The shadow home secretary, whose decision to run was inadvertently revealed in a Twitter blunder, said the Greater Manchester role was a "Cabinet-level job" and Labour had to take the devolution of power seriously.
The former leadership contender's decision to seek a political future outside Westminster will increase speculation about Labour MPs' concerns about the party's direction under leader Jeremy Corbyn.
But Mr Burnham insisted that his move should not be seen as a sign that he does not believe Labour can win the 2020 general election.
"Quite the opposite," he told the Guardian, claiming that Sadiq Khan's victory in the London mayoral race and Marvin Rees' win in Bristol could help shape the party's future.
"I think what we are going to see in politics is that Labour can gain strength from what's happening in the cities and in devolution and that's where some of the ideas that may shape the 2020 manifesto may come from: what's Sadiq's doing in London, what Marvin is doing in Bristol and hopefully, in time, what I'm doing here. That is where Labour will renew itself and come back stronger."
Mr Burnham was expected to formally launch his campaign in Manchester, but the appearance of @Andy4Manchester on Twitter - a renamed version of his old Labour leadership account - revealed his ambitions for the 2017 vote.

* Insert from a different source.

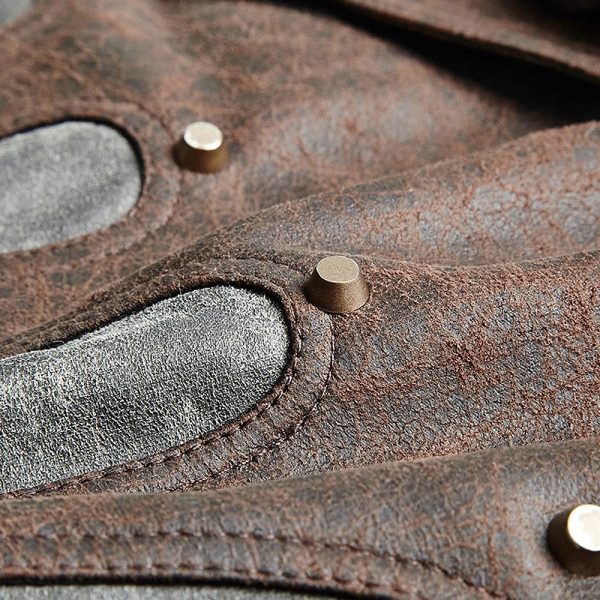 grande popularité PUNK RAVE Veste Steampunk ‘Aviator’ Noire Délavée Et Marron 13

He told the Guardian that big Labour names should run for the powerful mayoral jobs created under the Government's devolution agenda.
"The mistake Labour made in Scotland was that when devolution came, we didn't field our biggest names and consequently it looked like we didn't take it seriously enough. We can't make that mistake again."
He added: "The biggest mistake would be to underplay (English devolution) and to carry on and say: 'Westminster's where it's at, that's where everything happens and you're not really a serious politician unless you're in Westminster'.
"I'm making a break with this thinking by announcing my candidacy for the mayor of Greater Manchester. I think I can do more for the people I care about, here, by being here rather than there, given this change. I am thinking that the time has come - Westminster has become a bit of an irrelevance for some people and we really need to change the way politics works."
Mr Burnham, a Liverpudlian, has been MP for Leigh in Greater Manchester since 2001 and hopes to take the job as mayor of the new combined authority, which forms a key part of Chancellor George Osborne's Northern Powerhouse agenda.
Former Labour MP Tony Lloyd is serving as the interim mayor of the combined authority until the first election for the role in 2017.
Mr Burnham's move comes after it emerged shadow cabinet minister Luciana Berger is considering running for the new "metro mayor" role in Liverpool.